He was correct. If you did not reaffirm you would not have to pay, and the lien would stay on your property. That is the law. Whether his advice to stop paying was or was not good advice depends on many more details we don't have, and certainly you had the final call as to whether or not you paid. Even if you had a malpractice claim you would have to show damages, and that would be questionable in most cases. You did not tell us the time frame, but that is another question. Finally, if he is out of business, how are you going to collect?

Asker

Posted

then how can my mortgage company demand full payment or foreclose if it was just to sit as a lien on my property? I have continued to pay on the first mortgage and never been late

Asker

Posted

He told me this was to prevent foreclosure not put me into it

Asker

Posted

and additionally my mortgage is under water and the second mortgage has no equity

Carl H Starrett II

Carl H Starrett II

Posted

They have the right to enforce their lien even if it makes no economic sense for them to do so.

Paula Brown Sinclair

Paula Brown Sinclair

Posted

Your personal liability on the second was likely discharged in the Ch. 7, but the lien remained. It is the lien that is foreclosed. Whether you fully understood the advice from your first attorney is impossible to know. Mr. Starrett correctly points out the availability of Ch. 13 to avoid foreclosure.

Asker

Posted

yes i understood his advice - I asked him even right before we went before the magistrate to clarity it again - I was obviously duped - and a good friend of mine just informed me that this lawyer had weapons charges against him (which if I had been aware of I would not have hired him) and is no longer available because he has begun serving a prison sentence - so next question - is there any way to avoid foreclosure now or is it too late?

Asker

Posted

the bankruptcy was dismissed in March

Paula Brown Sinclair

Paula Brown Sinclair

Posted

Dismissed???? Everything you have said proves that nothing short of a full case review by local experienced bankruptcy counsel will meet your needs which are clearly beyond the scope of the Avvo Q&A.

Asker

Posted

oops i meant discharged - i used the wrong word sorry

Carl H Starrett II

Carl H Starrett II

Posted

I'm still not seeing how you were "duped" and what the alleged weapons charged has to do with anything. You got a discharge of your debts and you still can file a Chapter 13 to get caught up on the second mortgage.

Paula Brown Sinclair

Paula Brown Sinclair

Posted

Dear Asker: Mr. Starrett is absolutely correct. If you want save your house, a Chapter 13 can help. Consult counsel without delay.

Asker

Posted

ok. I was under the impression from my attorney I couldn't file chapter 13 for 4 years after chapter 7. but I guess he gave me a lot of impressions that weren't correct.

Carl H Starrett II

Carl H Starrett II

Posted

You won't be eligible for a discharge of debts because you just got one in the Chapter 7, but you can still used Chapter 13 to get caught up on delinquent mortgage payments..

Posted

I agree with everything that Mr. Riddle said and only have a few more additional comments.
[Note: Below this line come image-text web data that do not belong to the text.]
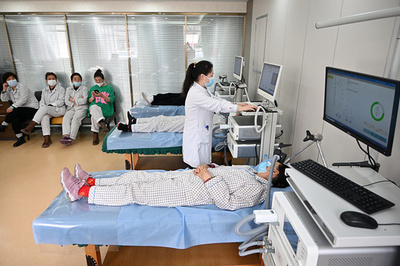 中国 在職者の8割超が睡眠障害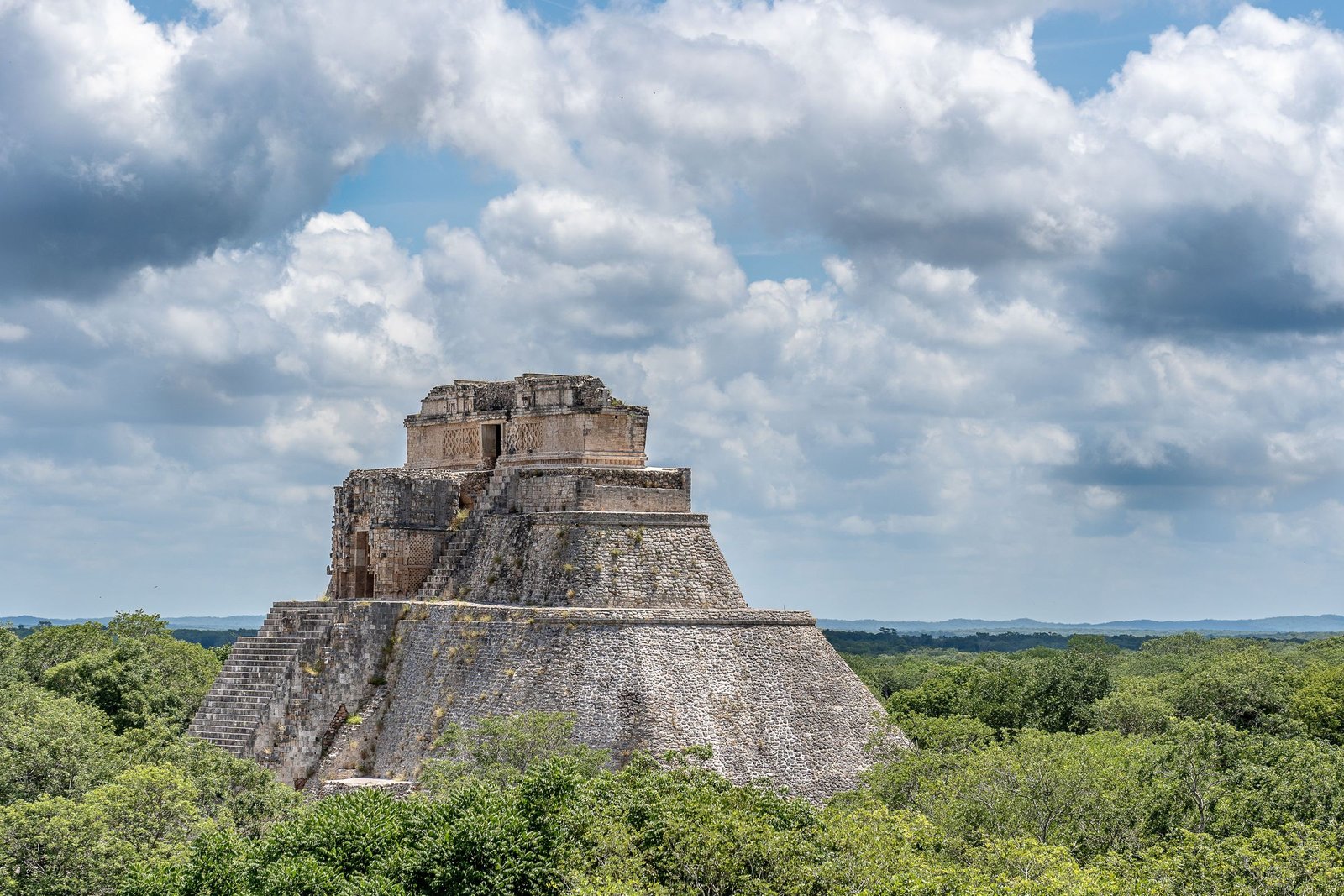 De Piramide van de Tovenaar in Uxmal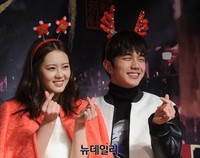 [포토] 고아라-유승호 '팬들 향한 크리스마스 선물'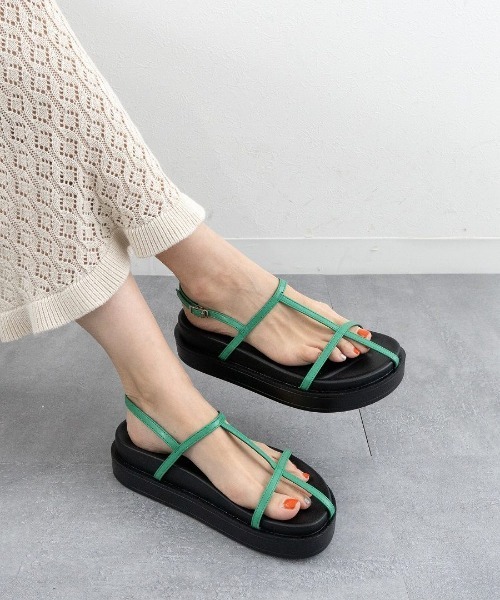 Fabby fabby(ファビィーファビィー)の「ストラップコンフォートサンダル(サンダル・レディース・ホワイト/ブラック/グリーン・MEDIUM/LARGE/SMALL)」の13枚目の写真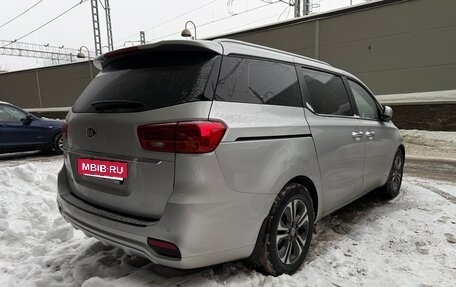 KIA Carnival III, 2018 год, 2 750 000 рублей, 6 фотография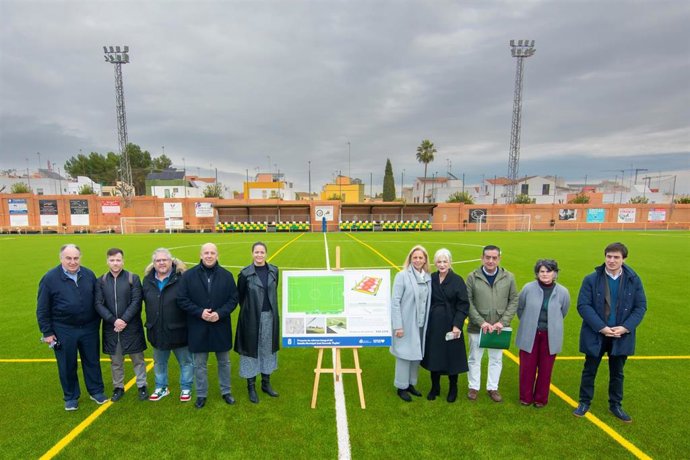 La consejera de Cultura y Deporte, Patricia del Pozo, en su visita al Estadio Municipal José Acevedo 'Pepito' de Bormujos.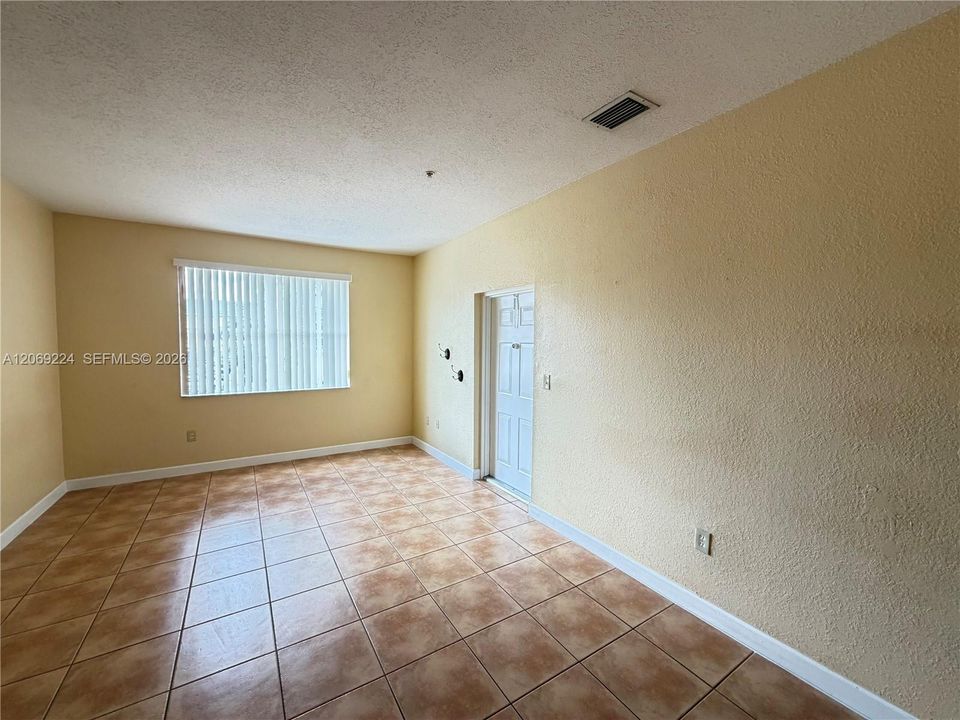 Active With Contract: $2,100 (2 beds, 2 baths, 1298 Square Feet)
Whenever I meet with someone who is considering bankruptcy and owns a home with multiple mortgages, we discuss whether a Chapter 13 bankruptcy can be used to get rid of the second mortgage. It most parts of the country, removing a second mortgage in bankruptcy can only be done in Chapter 13 and not Chapter 7.

Some clients the path that you did - filing for Chapter 7 and hope that the second mortgage doesn't foreclose if they stop paying. Sometimes this makes sense. The bankruptcy discharge eliminates the risk of post foreclosure liability and there only remedy is to foreclose to collect on the second if you aren't paying. If a property is worth $200,000 and you owe $250,000 on the first mortgage, why would the second foreclose?

However, there are no guarantees in life. Property values can go up and maybe the second thinks they can get some money.

And as far as the original attorney goes, it isn't like he is responsible for paying your mortgage and it isn't his fault if you spent the money that you would have used to pay the second mortgage.

You should consider talking to another local bankruptcy attorney about using Chapter 13 to get caught up on the second if you wish to keep your home.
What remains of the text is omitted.